O coração dos outros, poemas, publicado pela Pantemporâneo, editora de Valdir Rocha.
Escrevi o posfácio. Texto da orelha de Floriano Martins.
Será na livraria Martins Fontes, à Avenida Paulista 509. A partir das 18:30.
Do livro anteriores de Celso, Poemas perversos, tenho comentado, em oficinas literárias, o “Poema para lembrar que a morte existe” para mostrar como a parte ou o fragmento podem valer pelo todo; e como se usa o recurso da falsa descrição, designando uma coisa para expressar outra. Transcrevo-o e também meu comentário:
Pela manhã
como quatro torradas
cobertas com mel de abelha.
E fico à mesa
onde estão guardados os botões para casacos
me alimentando e dispersando com sopros
as formigas que caminham levando
os restos das torradas.
Eu as vejo andando lentamente
iguais mulheres magras
sobre poentes iluminados.
Não sei o que pensam
nem o destino da carga que carregam.
Eu fico à mesa
com uma única fisionomia.
Única nas mãos.
Vendo o saco de leite vazio
no colo do gato.
As maçãs apodrecendo sobre
a antepenúltima letra do mês de fevereiro.
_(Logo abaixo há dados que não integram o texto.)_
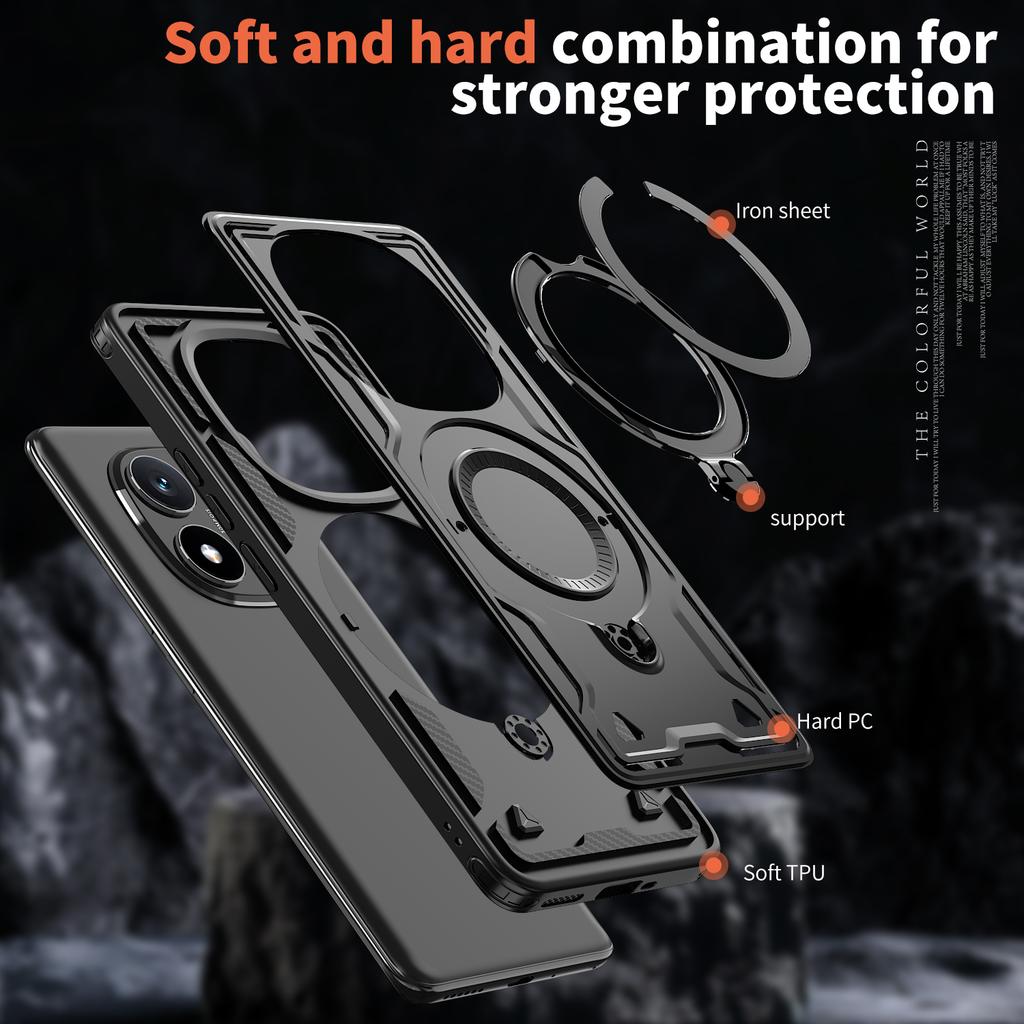 For Xiaomi Poco X7 5G/Redmi Turbo 4 Pro 5G Case Compatible with MagSafe Military Protection PC+TPU Kickstand Phone Cover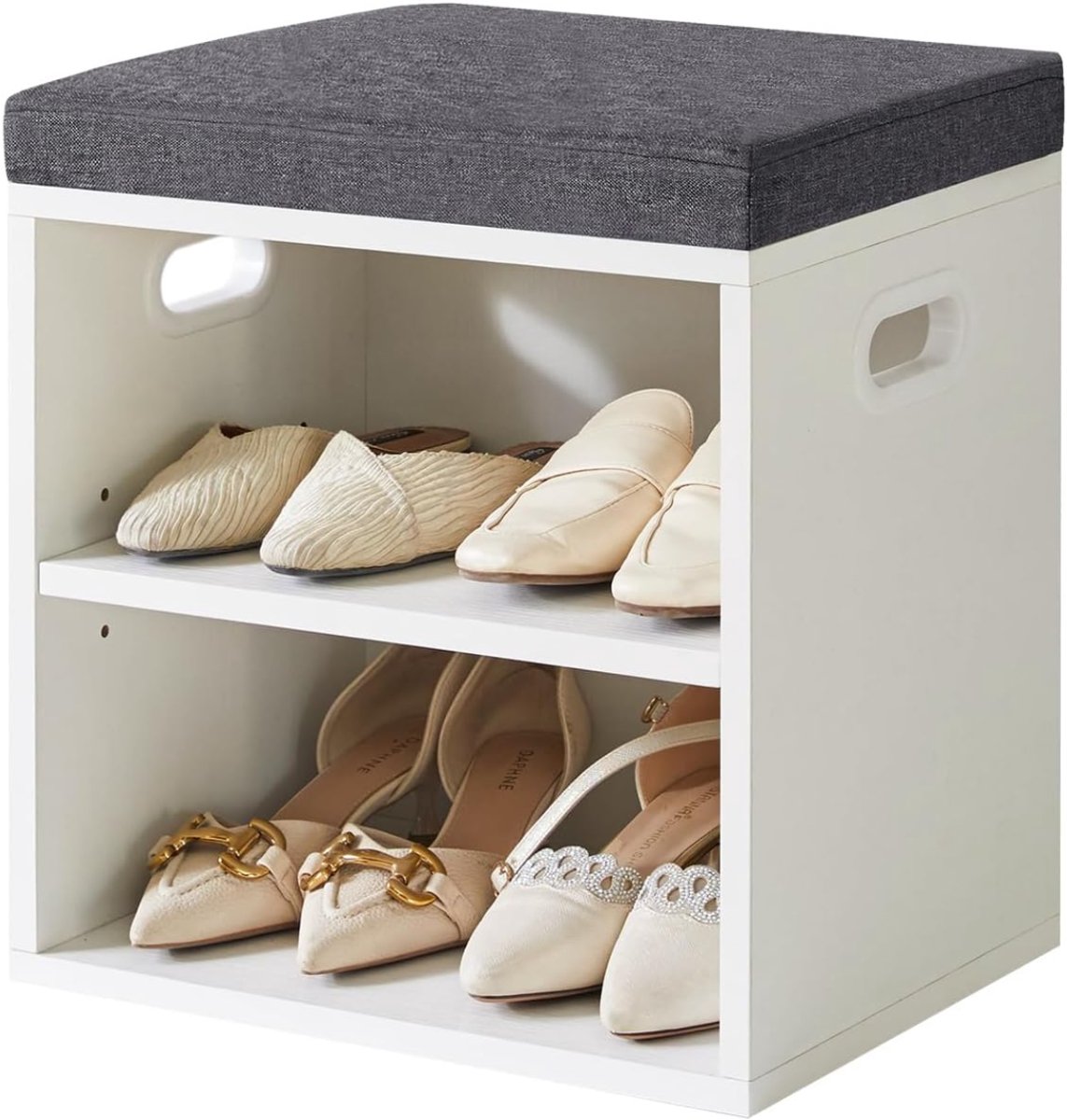 Ploutus® Schoenenbank Met Zitkussen - Met Kleppen – Schoenenopberger – Wit- 42cm x 39cm x 28cm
A garrafa do café, sem uma gota de café.
Os chapéus e os véus sobre os chapéus.
A casca de banana, sem banana.
E as folhas de chá escondidas
entre uma lua e outra.
Eu como
torradas com mel de abelha.
E conto os dias.
Diariamente eu conto todos os dias.
Sempre pela manhã
quando como
as torradas cobertas com mel.
Seria capaz de dar uma palestra sobre os recursos de estilo mobilizados na aparente simplicidade desse poema. As repetições que conferem ritmo. O acréscimo de força por maçãs apodrecerem sobre “a antepenúltima letra do mês de fevereiro”, e não sobre o tampo da mesa ou qualquer outro lugar. O aparente arbitrário das folhas de chá “escondidas / entre uma lua e outra” e não no previsível fundo da xícara; ou da comparação do lento andar das formigas com “mulheres magras / sobre poentes iluminados”. Sua “única fisionomia” (mas quantas deveria ter?); porém “Única nas mãos” (mas não deveria ser no rosto?). A proposital redundância da “casca de banana, sem banana” (é claro – se não, seria uma banana, e não apenas a casca); ou de “Eu conto os dias. / Diariamente eu conto todos os dias” (se é diariamente, então forçosamente são todos os dias…). A repetição elegantemente musical de “Os chapéus e os véus sobre os chapéus”. A falsa exatidão de “Pela manhã / como quatro torradas / cobertas com mel de abelha” (e porque não duas, três ou cinco? mel de abelha – mas do que mais poderia ser?).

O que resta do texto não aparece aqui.